Su éxito nace del interés francés por el exotismo de la cultura africana, el auge del jazz y la sofisticación del art-deco. Jósephine, que es norteamericana y baila con los pasos del charlestón, termina por encarnar toda esa novedad.

5 de septiembre de 2021 Por: Óscar López Pulecio

La mujer con aires de pantera negra que en 1925 había conmocionado a París con su danza salvaje y su taparrabos de bananos, como salida del corazón de África, era la misma mujer madura, de gruesos anteojos, vestida con uniforme militar francés, la Legión de Honor en su pecho, que toma la palabra al pie del monumento a Lincoln en la Marcha sobre Washington organizada por Martin Luther King, jr. en agosto de 1963: Jósephine Baker.

Entre uno y otro episodio se ha convertido en un ícono internacional del mundo del entretenimiento, de la lucha por la libertad frente a la tiranía y de la integración racial. Entre baile y baile, con el exotismo y el erotismo de su pequeño cuerpo delgado, casi desnudo, que se contorsiona al ritmo del jazz, espía para la resistencia francesa; se niega a actuar en Estados Unidos, su país natal, ante auditorios no integrados; se casa cuatro veces y adopta doce hijos, la Tribu del Arcoíris, de diferente razas, religiones y países, un colombiano de la etnia wayú, entre ellos.
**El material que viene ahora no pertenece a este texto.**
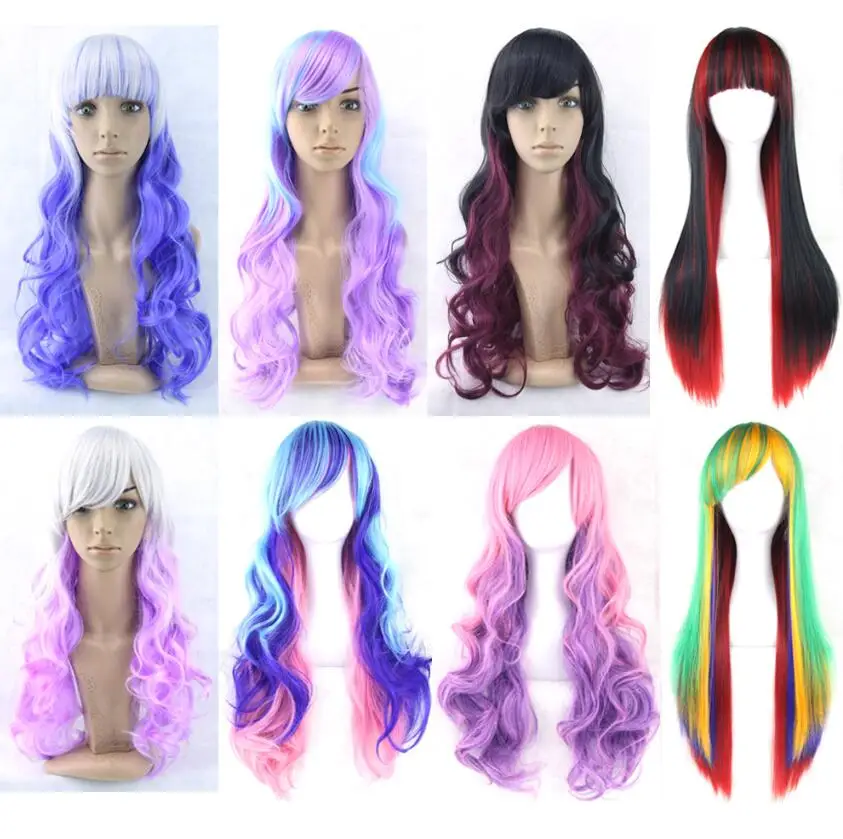 Cosplay Wig Long Straight Curly Colorful Hair Lolita Cute Mix Color Synthetic Wig Perucas Body Wave Hair For Adult Costume Accessories Aliexpress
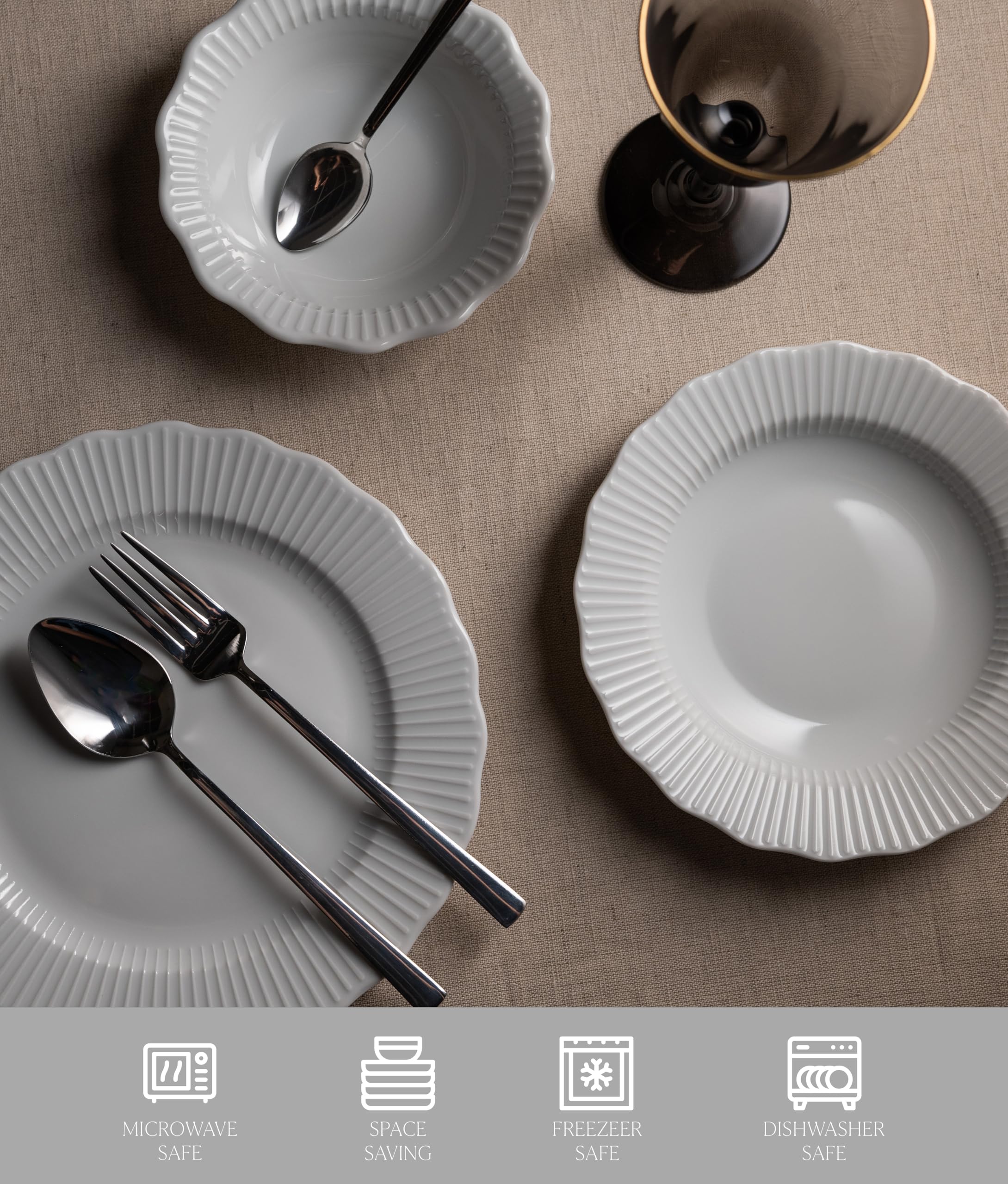 Vajilla de Porcelana blanca Porland Frilly - Vajilla de 18 Piezas Blanca– completa y elegante para 6 personas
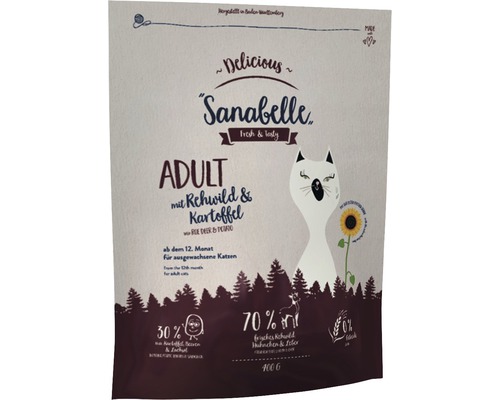 Sanabelle Adult Katzenfutter mit Reh und Kartoffel, 400 Gramm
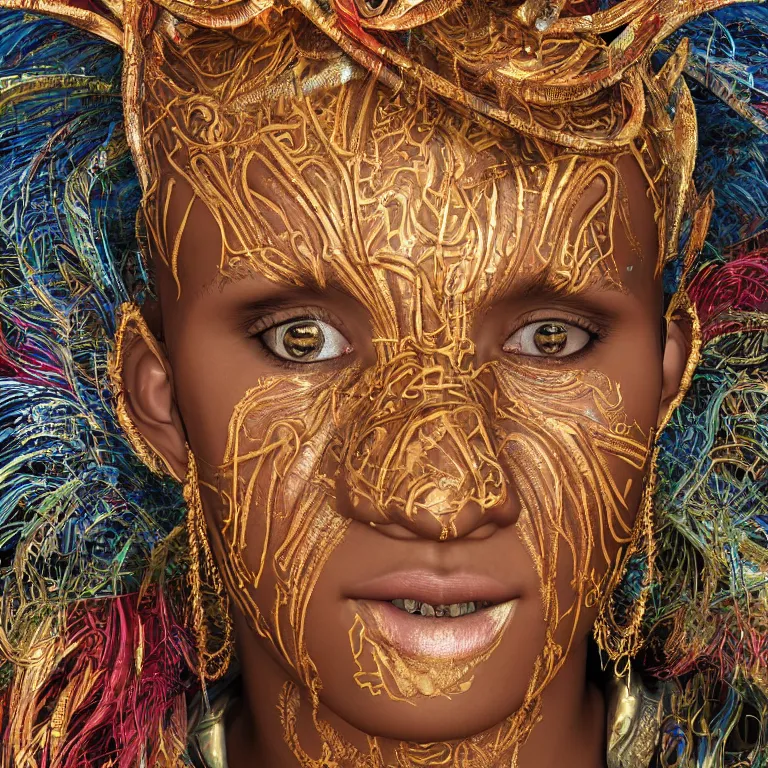 Prompt: hypperrealism octane render portrait by wayne barlow and carlo crivelli and glenn fabry, a huge massive crowd of african dancers wearing elaborate costumes made out colorful shiny thin foil strips and hand - carved mask with intricate painted details in a beautiful african savanah, cinema 4 d, ray traced lighting, very short depth of field, bokeh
Ha nacido en Missouri, en el medio oeste, en el centro de la discriminación racial y en la mayor pobreza. Francia la adopta y llega a ser la mujer de color más rica el mundo, aunque generosa y extravagante vuelve a la pobreza. La rescata una compatriota suya convertida en princesa, Grace de Mónaco; muere en París, en su ley, en 1975 después de haber retornado con gran éxito a las tablas. Es toda una celebridad mundial, menos en Estados Unidos donde se la considera incómoda en el mundo del espectáculo, por su desafío a la discriminación racial. Pero es una heroína para los negros pobres del sur, de donde viene. Cuando Martin Luther King es asesinado, su esposa Loretta le ofrece la dirección del movimiento de los derechos civiles, que ella rechaza.

Su éxito nace del interés francés por el exotismo de la cultura africana, el auge del jazz y la sofisticación del art-deco. Jósephine, que es norteamericana y baila con los pasos del charlestón, termina por encarnar toda esa novedad. Aprende a cantar, y ya vestida de lentejuelas y enjoyada, llena los escenarios parisinos. La invitan a todas partes y el servicio de inteligencia francés la convierte en útil informante de los chismes que se cuentan en las embajadas. Es su castillo de Milandes en Dordoña, cuya administración la arruina, esconde familias judías de la persecución nazi. Una vida como una novela.

Descansaba de tantos afanes en el cementerio de Mónaco, cuando vuelve a la actualidad de una manera más sorprendente todavía. El gobierno francés decide que debe reposar en el Panteón de los hijos más ilustres de Francia en el corazón de París. Primera mujer negra en recibir semejante honor, y sexta mujer en entrar a ese recinto de los inmortales, a lado de nadie menos que Madame Curie, ambas nacidas en el extranjero, encarnando la esencia de la nacionalidad francesa. Un poco de no creerse.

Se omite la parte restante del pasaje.